Task details
Word for word, quote the lines from the one containing "Resinoid bonded abrasive" to the end of the entries below, including both. Leave pictures out.

The data
▽

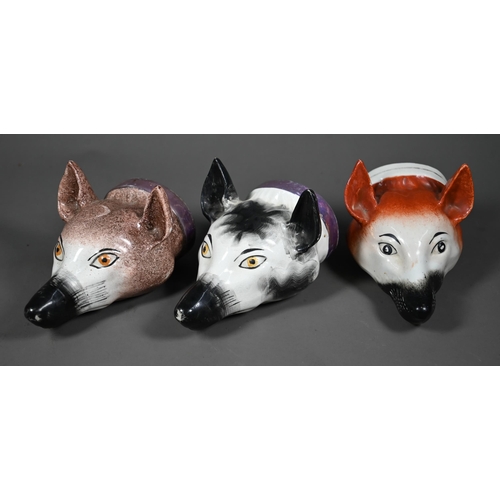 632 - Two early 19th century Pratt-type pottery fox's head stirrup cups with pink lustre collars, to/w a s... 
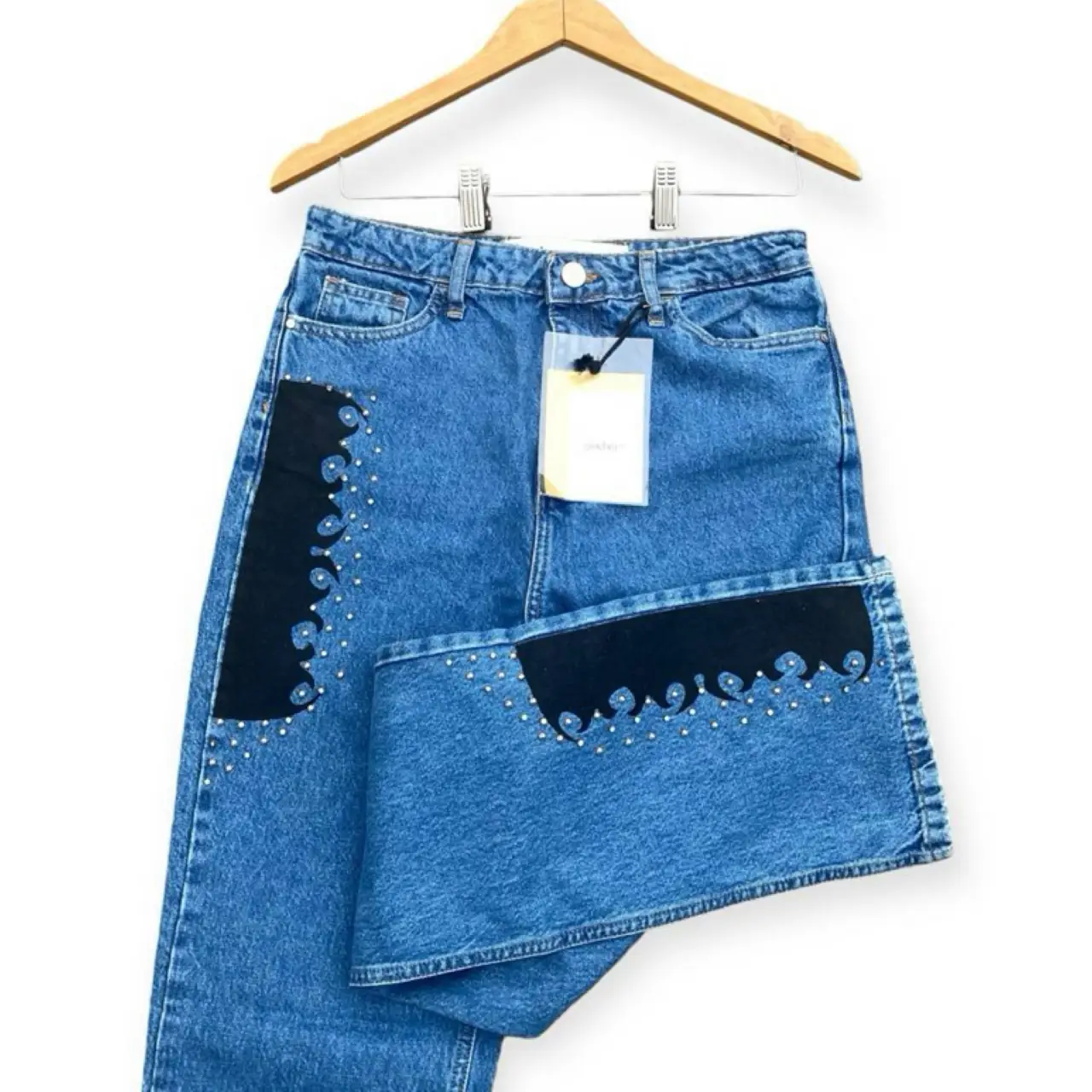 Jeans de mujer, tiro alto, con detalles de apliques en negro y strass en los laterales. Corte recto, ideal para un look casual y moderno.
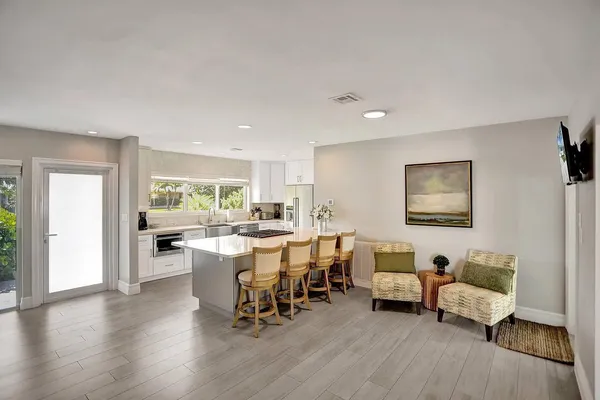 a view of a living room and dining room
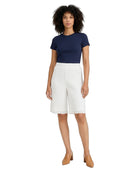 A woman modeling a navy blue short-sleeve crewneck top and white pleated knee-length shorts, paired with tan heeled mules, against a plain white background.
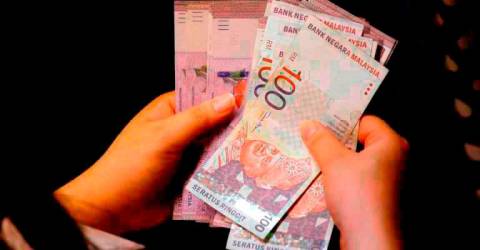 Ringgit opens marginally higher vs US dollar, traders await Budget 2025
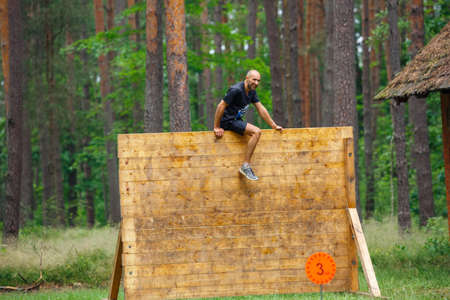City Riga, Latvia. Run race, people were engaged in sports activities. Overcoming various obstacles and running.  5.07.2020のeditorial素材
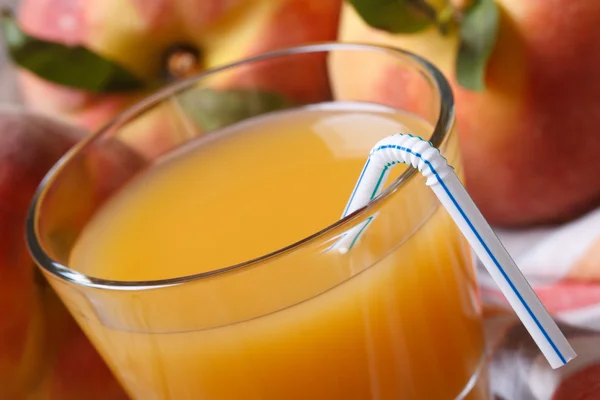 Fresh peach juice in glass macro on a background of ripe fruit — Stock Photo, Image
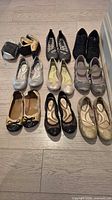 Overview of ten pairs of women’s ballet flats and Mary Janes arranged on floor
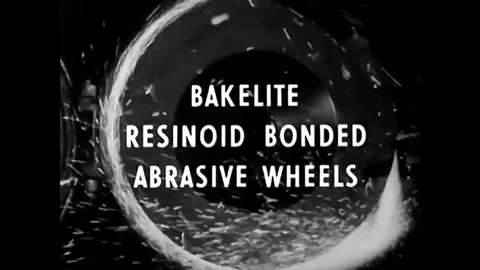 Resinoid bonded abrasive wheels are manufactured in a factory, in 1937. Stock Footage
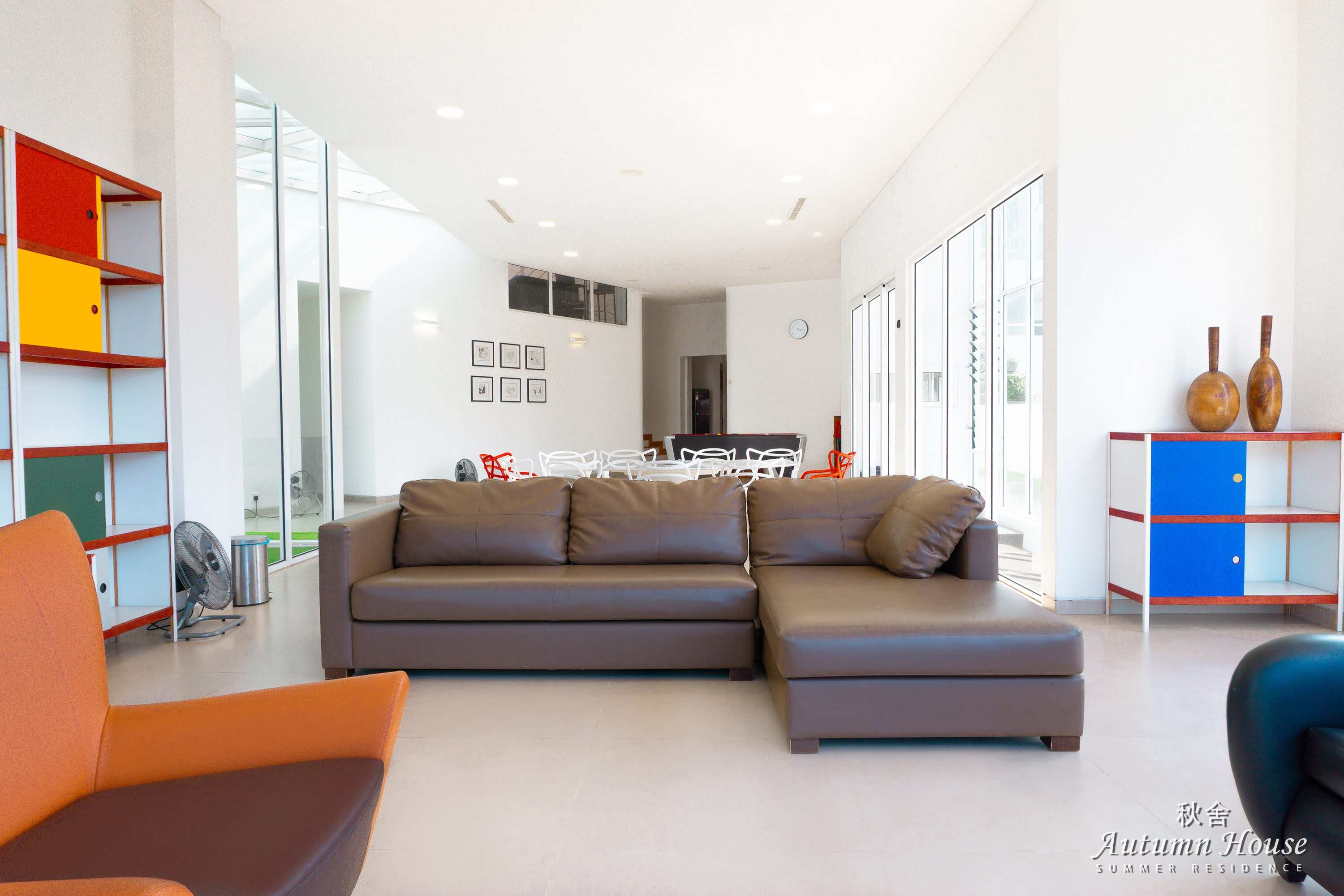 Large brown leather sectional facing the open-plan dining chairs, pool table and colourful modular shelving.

△

Response
 Resinoid bonded abrasive wheels are manufactured in a factory, in 1937. Stock Footage
 Large brown leather sectional facing the open-plan dining chairs, pool table and colourful modular shelving.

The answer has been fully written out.